"We Just Had a Baby. My Husband Won’t Admit What We Have to Do With Our Dog Now."
Will he choose the baby or the dog?
Original column: Care and Feeding, July 15 2024
My take: The LW and her husband both love his dog, which he’s had since before they met. But now they have a 3-month-old baby, and the LW is alarmed by the dog’s reaction, which includes frequent growling, and multiple attempts to knock her over during breastfeeding, by growling and jumping on her. He has nipped at the baby’s hands twice.
They now crate the dog at night and keep baby and dog in separate rooms during the day. Additional training for the dog hasn’t helped.
The LW is ready to rehome their pet. Her husband “refuses.” He thinks rehoming would “betray” the dog, and wants to keep working with him. The LW is seriously considering moving herself and the baby to live with family until “we fix this.”
Ok!
Full credit to Care & Feeding for opening with a clear statement of the inarguable bottom line. It acknowledges that “some dogs just do not jive with having a child around.” It says “growls and nips” are the “warning before the bigger reaction, and you need to pay attention.” And it says if all other efforts fail, “your husband must agree that your child’s safety comes first and figure out how to decide to throw in the towel.”
But that qualifier —“if all other efforts fail”—turns the thing on its head.
Plausible efforts, Care & Feeding suggests, might include “training, medication, and modifying your own behavior and lifestyle.” That’s a lot of things to try, none of them is a quick fix, and the mother’s position is that while they’re trying, the baby remains at risk.

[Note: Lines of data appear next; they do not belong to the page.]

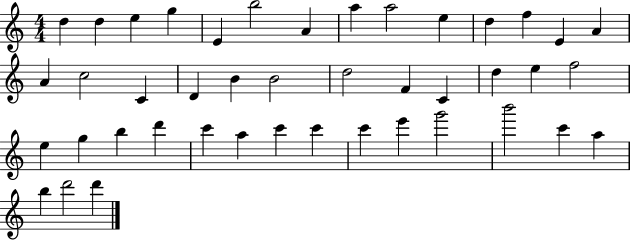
{
  \clef treble
  \numericTimeSignature
  \time 4/4
  \key c \major
  d''4 d''4 e''4 g''4 | e'4 b''2 a'4 | a''4 a''2 e''4 | d''4 f''4 e'4 a'4 | \break a'4 c''2 c'4 | d'4 b'4 b'2 | d''2 f'4 c'4 | d''4 e''4 f''2 | \break e''4 g''4 b''4 d'''4 | c'''4 a''4 c'''4 c'''4 | c'''4 e'''4 g'''2 | b'''2 c'''4 a''4 | \break b''4 d'''2 d'''4 | \bar "|."
} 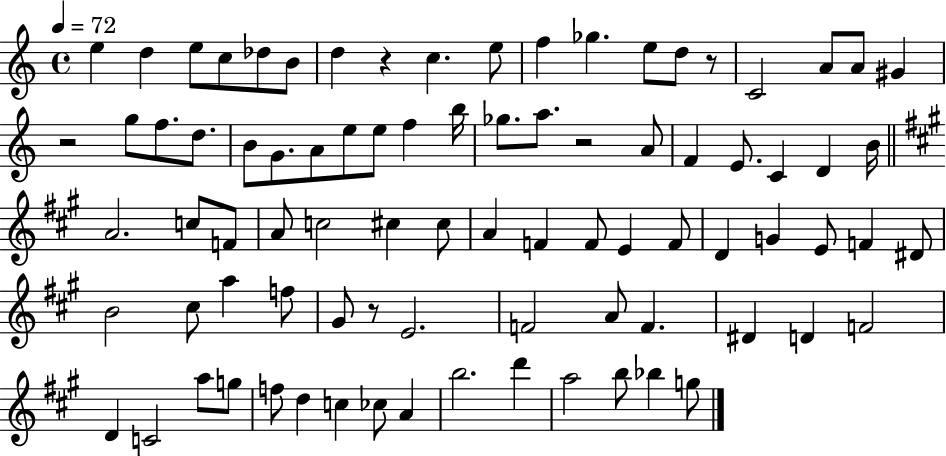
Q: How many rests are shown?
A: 5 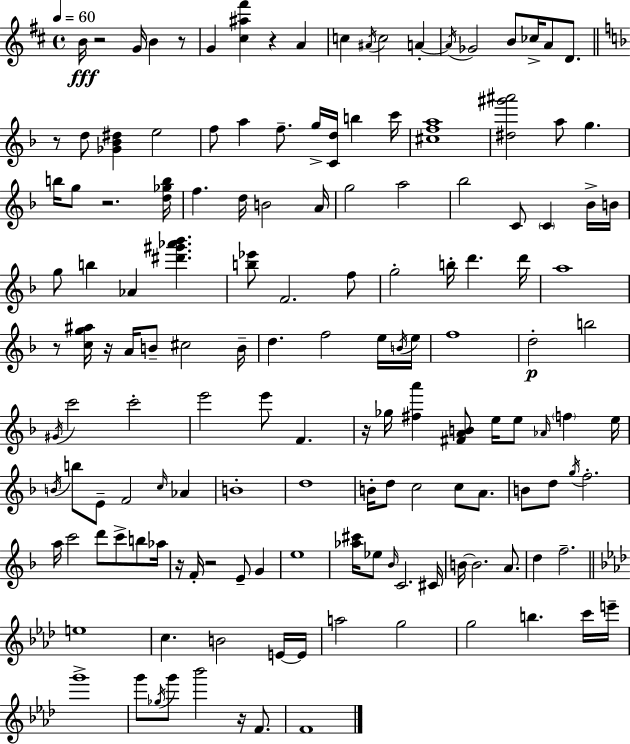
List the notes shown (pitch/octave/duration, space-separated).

B4/s R/h G4/s B4/q R/e G4/q [C#5,A#5,F#6]/q R/q A4/q C5/q A#4/s C5/h A4/q A4/s Gb4/h B4/e CES5/s A4/e D4/e. R/e D5/e [Gb4,Bb4,D#5]/q E5/h F5/e A5/q F5/e. G5/s [C4,D5]/s B5/q C6/s [C#5,F5,A5]/w [D#5,G#6,A#6]/h A5/e G5/q. B5/s G5/e R/h. [D5,Gb5,B5]/s F5/q. D5/s B4/h A4/s G5/h A5/h Bb5/h C4/e C4/q Bb4/s B4/s G5/e B5/q Ab4/q [D#6,G#6,Ab6,Bb6]/q. [B5,Eb6]/e F4/h. F5/e G5/h B5/s D6/q. D6/s A5/w R/e [C5,G5,A#5]/s R/s A4/s B4/e C#5/h B4/s D5/q. F5/h E5/s B4/s E5/s F5/w D5/h B5/h G#4/s C6/h C6/h E6/h E6/e F4/q. R/s Gb5/s [F#5,A6]/q [F#4,A4,B4]/e E5/s E5/e Ab4/s F5/q E5/s B4/s B5/e E4/e F4/h C5/s Ab4/q B4/w D5/w B4/s D5/e C5/h C5/e A4/e. B4/e D5/e G5/s F5/h. A5/s C6/h D6/e C6/e B5/e Ab5/s R/s F4/s R/h E4/e G4/q E5/w [Ab5,C#6]/s Eb5/e Bb4/s C4/h. C#4/s B4/s B4/h. A4/e. D5/q F5/h. E5/w C5/q. B4/h E4/s E4/s A5/h G5/h G5/h B5/q. C6/s E6/s G6/w G6/e Gb5/s G6/e Bb6/h R/s F4/e. F4/w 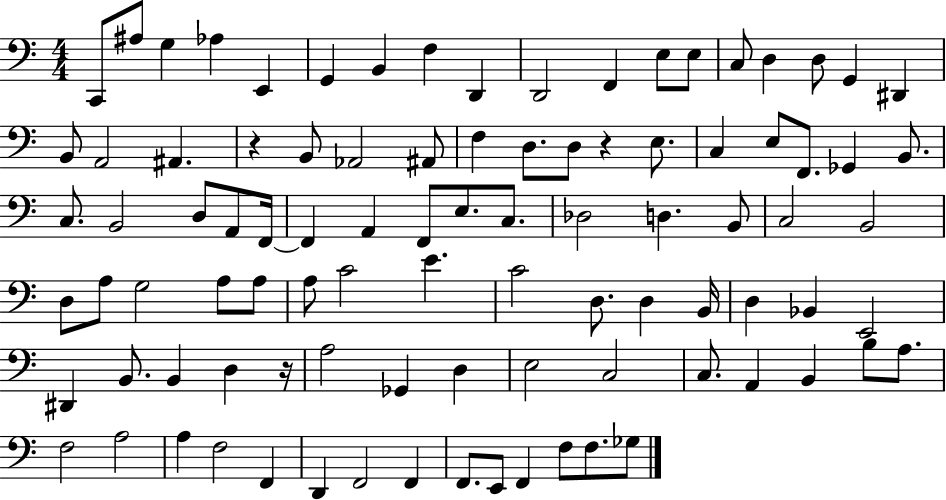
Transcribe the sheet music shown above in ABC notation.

X:1
T:Untitled
M:4/4
L:1/4
K:C
C,,/2 ^A,/2 G, _A, E,, G,, B,, F, D,, D,,2 F,, E,/2 E,/2 C,/2 D, D,/2 G,, ^D,, B,,/2 A,,2 ^A,, z B,,/2 _A,,2 ^A,,/2 F, D,/2 D,/2 z E,/2 C, E,/2 F,,/2 _G,, B,,/2 C,/2 B,,2 D,/2 A,,/2 F,,/4 F,, A,, F,,/2 E,/2 C,/2 _D,2 D, B,,/2 C,2 B,,2 D,/2 A,/2 G,2 A,/2 A,/2 A,/2 C2 E C2 D,/2 D, B,,/4 D, _B,, E,,2 ^D,, B,,/2 B,, D, z/4 A,2 _G,, D, E,2 C,2 C,/2 A,, B,, B,/2 A,/2 F,2 A,2 A, F,2 F,, D,, F,,2 F,, F,,/2 E,,/2 F,, F,/2 F,/2 _G,/2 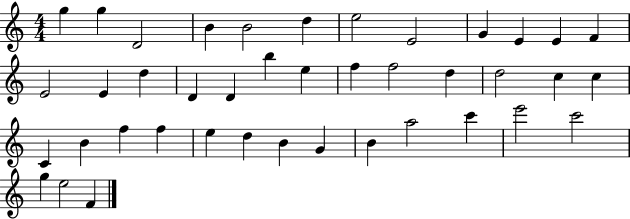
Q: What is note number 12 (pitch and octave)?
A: F4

Moreover, these efforts are intended not to secure the baby, but to make the dog more comfortable. The couple needs to figure out “whether living in a home with a baby is the best thing for [the dog].” Meanwhile, the mother is so uncomfortable she’s thinking of moving out.
The mother. That would be the husband’s wife.
Care & Feeding says the “broader question” is: “Even if [the dog] successfully completes training, will he be living comfortably in your home, or will he simply be behaving better while feeling miserable?” If I were the mother, my broader question would be: “Even if [the dog] successfully completes training (or is medicated), will I ever be able to relax?”
Advice Obsessed understands that people love their dogs, and that many dog owners introduce babies into their homes without difficulty. But this dog is enough of a threat to justify separate rooms during the day and crating at night. That’s a pretty tense way to live, as well as being one slip away from a bad incident.
So in answer to the LW’s direct question—should she and the baby retreat to safer ground—Advice Obsessed offers an unequivocal yes.
But she shouldn’t stop there. Her husband’s refusal to remove a dog who has nipped his 3-month-old twice and regularly growls at her is bizarre to the point of disordered.
A normal parent’s response to the arrival of a first baby is a combination of besotted and fiercely protective. These feelings support the parents in their immediate, imperative tasks of loving their child and keeping it safe. And actually, keeping it safe comes first.
But this father is more worried about betraying his dog. His wife says their arguments about the dog are “horrible,” which means he’s willing to alienate her over this. He’s not on the right page, and it’s already been three months. He’s a husband and a father, and he needs to get his head wrapped around his family, fast.
Care & Feeding says nothing about this. That’s a significant lapse. Advice Obsessed will file this one under “Best Question, Worst Answer.”